Possible race condition between _on_response and close #997

hson2 opened this issue Sep 21, 2023 · 3 comments
Assignees
Labels
api: pubsub Issues related to the googleapis/python-pubsub API.

Comments

@hson2
Copy link

hson2 commented Sep 21, 2023

Environment details

  • OS type and version: Ubuntu 22.04
  • Python version: 3.11
  • pip version: 23.0.1
  • google-cloud-pubsub version: 2.18.4

Steps to reproduce

  1. Run code sample indefinitely
  2. Sometime it shows Assertion error in _on_response function.

Code example

def on_subscribe(subscription, until=None):
    """Decorator factory that provides subscribed messages to function.
    It handle decorated function as callback. So message should be acked/nacked
    inside decorated function.

    Args:
        subscription (str): Subscription ID. 
            Should be `projects/{PROJECT_ID}/subscriptions/{SUBSCRIPTION_ID}`
        until (datetime.datetime): This function will subscribe messages
            published until this timestamp.
    """

    def _callback_factory(func, finished, subscribe_until, **kwargs):

        def _callback(message):
            """Callback function.
                
            It sends signal if subscribed all messages.
            """
            publish_time = datetime.fromtimestamp(
                message.publish_time.timestamp())
            if subscribe_until and publish_time <= subscribe_until:
                return func(message, **kwargs)
            if subscribe_until and not finished.is_set():
                logging.info('Subscribed all messages published until %s',
                             subscribe_until)
                finished.set()
                message.nack()

        return _callback

    def _wrapper(func):

        @functools.wraps(func)
        def _inner_wrapper(**kwargs):
            # Event variable that is triggered when all messages are subscribed
            all_subscribed = Event()

            callback = _callback_factory(func=func,
                                         finished=all_subscribed,
                                         subscribe_until=subscribe_until,
                                         **kwargs)
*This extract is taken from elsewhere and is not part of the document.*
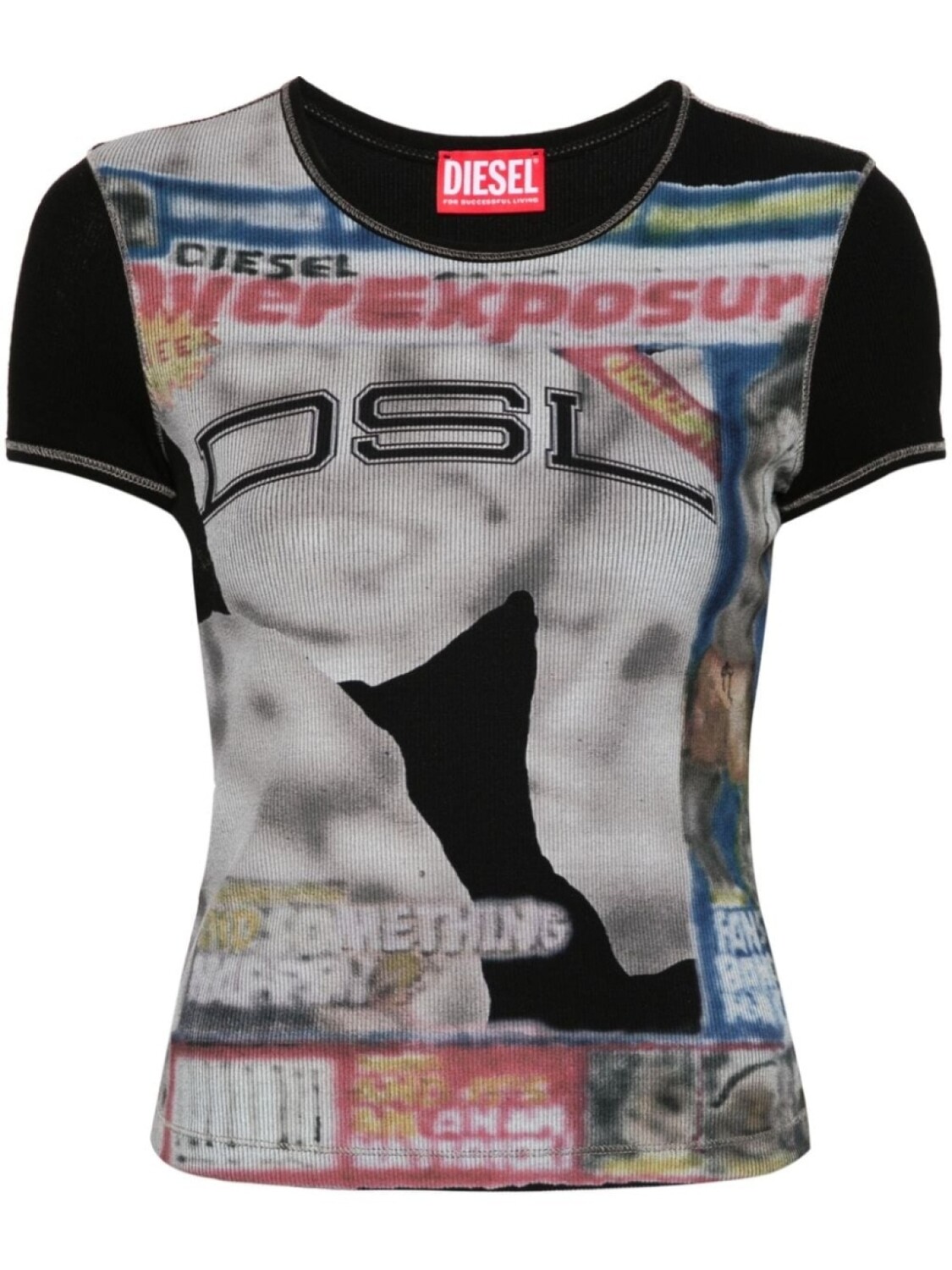 

Diesel футболка T-Ele с графичным принтом, черный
            # Ensure closing subscriber for memory leak prevention.
            with pubsub_v1.SubscriberClient() as subscriber:
                future = subscriber.subscribe(
                    subscription=subscription,
                    callback=callback,
                    await_callbacks_on_shutdown=True,
                    flow_control=pubsub_v1.types.FlowControl(max_messages=5000),
                )

                all_subscribed.wait(timeout=60)

                # Wait until future is finished when it's cancelled.
                # If it cancelled by timeout or keyboard interrupt, ignore it.
                try:
                    future.cancel()
                    future.result(timeout=60)
                except (KeyboardInterrupt, TimeoutError):
                    pass
                except Exception as e:
                    logging.error("Error occurs during subscription to %s: %s",
                                  subscription, str(e))
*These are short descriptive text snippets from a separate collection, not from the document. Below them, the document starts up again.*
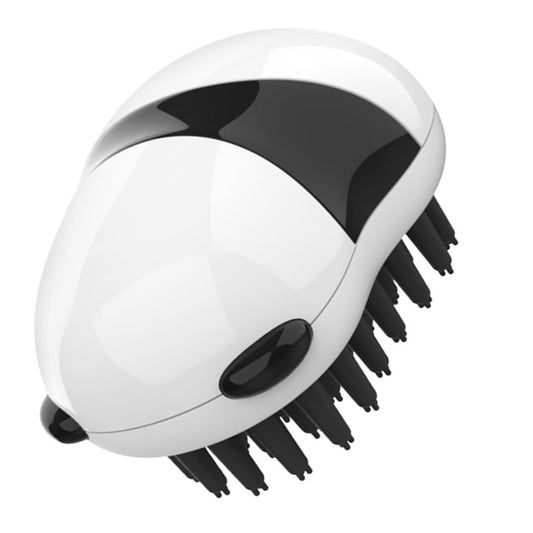 White and black scalp massager on a white background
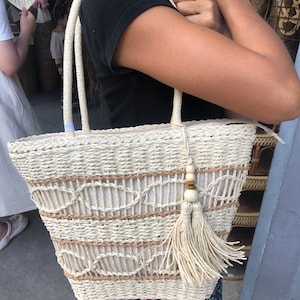 Boho woven handbag for women - hemp side bag handmade from Thailand - boho chic hand crafted women shopping bag - wicker shoulder bag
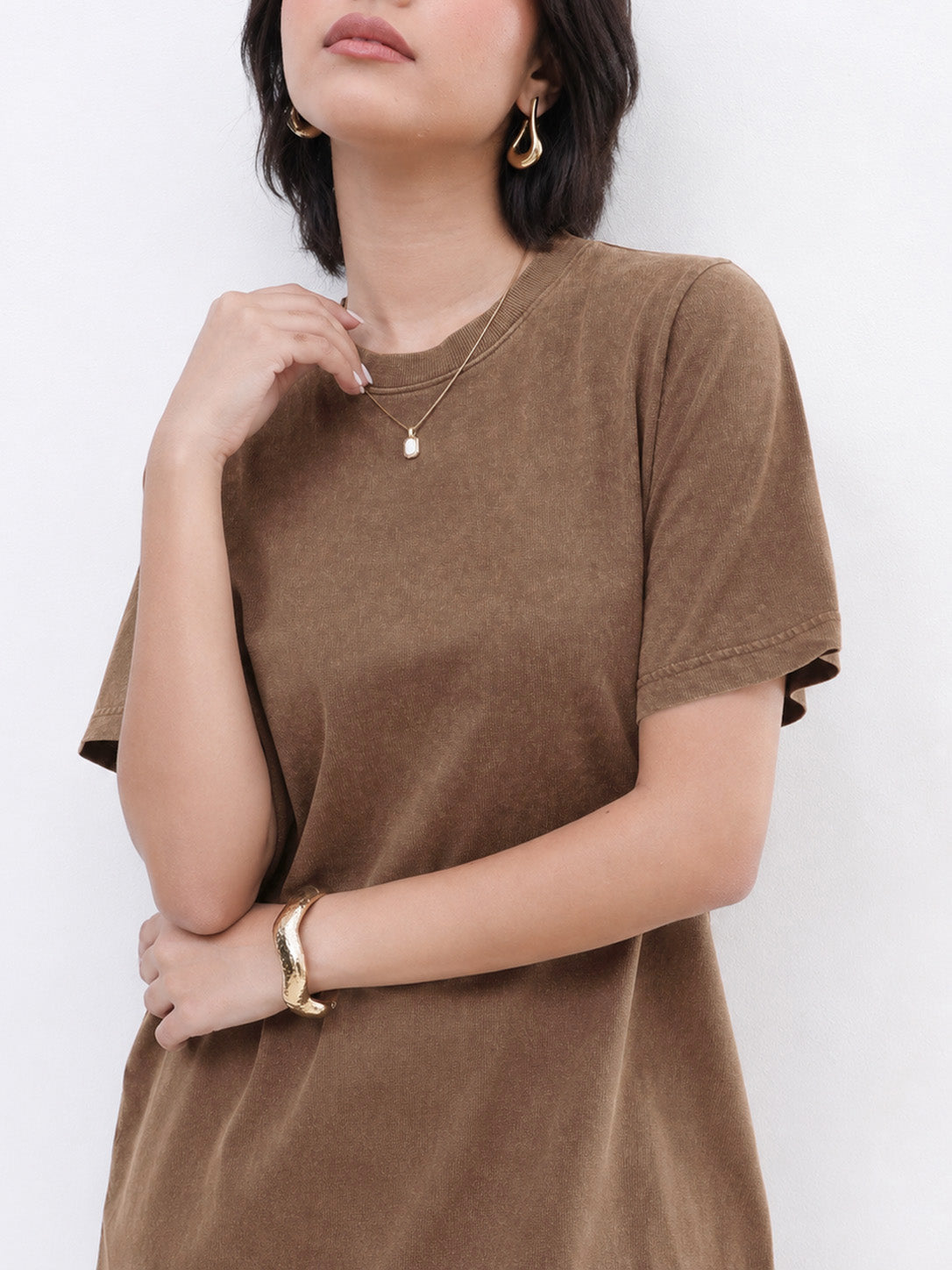 Women Brown Overdyed Short Sleeves T-Shirt Midi Dress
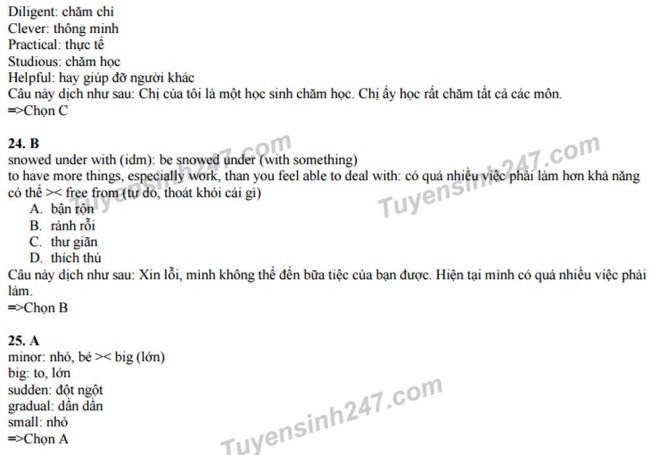 Gợi ý giải đề thi thử nghiệm THPT quốc gia 2017 môn tiếng Anh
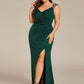 Plus Size Glitter V-Neck High Slit Sequin Shoulder Strap Evening Dress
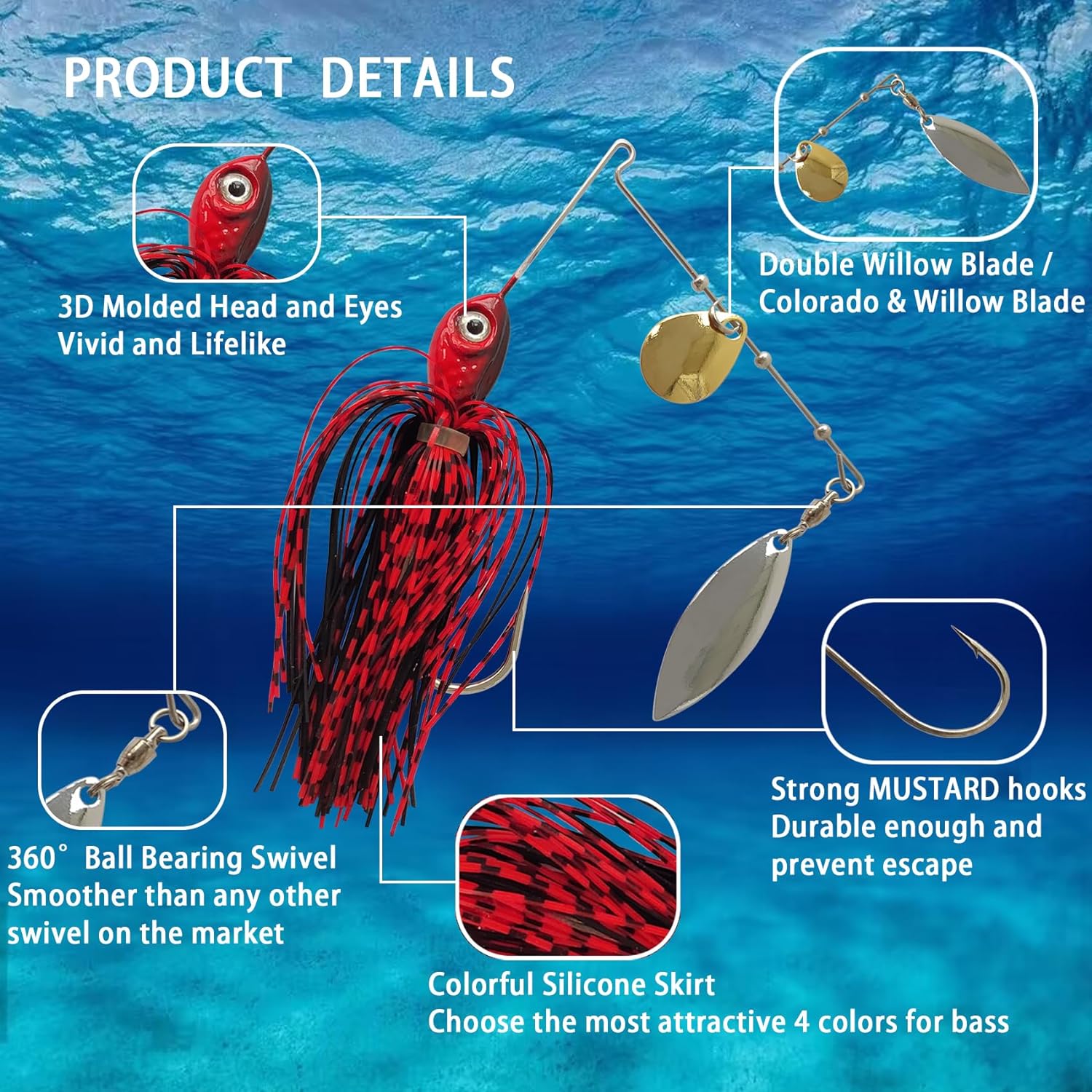 Eupheng Spinner Aas Lepel Draa - Fishing Lure Buzzbait recensie en prijs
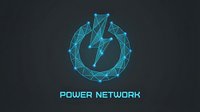 Electric power network logo with geometric lightning bolt symbol in bright blue wireframe design on dark background for energy technology branding.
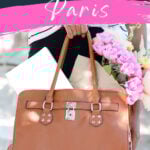 tote bag with book and flower inside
        return _inner_wrapper

    return _wrapper

@on_subscribe(subscription="SUBSCRIPTION")
def callback(message):
    # Do something with message

Stack trace

Traceback (most recent call last):
  File "/layers/google.python.pip/pip/lib/python3.11/site-packages/google/api_core/bidi.py", line 657, in _thread_main
    self._on_response(response)
  File "/layers/google.python.pip/pip/lib/python3.11/site-packages/google/cloud/pubsub_v1/subscriber/_protocol/streaming_pull_manager.py", line 1107, in _on_response
    assert self._scheduler is not None

Explanation

It's because future.cancel() executes manager.close() which makes _scheduler as None and it makes _on_response raise AssertionError.

Maybe it has to be protected by threading lock somehow.

@product-auto-label product-auto-label bot added the api: pubsub Issues related to the googleapis/python-pubsub API. label Sep 21, 2023
@liuyunnnn
Copy link
Contributor

Thank you for the detailed report. I'll try to reproduce this and fix accordingly.
In the meanwhile, I'm wondering why you choose to cancel first and then wait for result here

future.cancel()
future.result(timeout=60)

instead of a common use case as the sample shows. This could be a mitigation for the issue you are experiencing.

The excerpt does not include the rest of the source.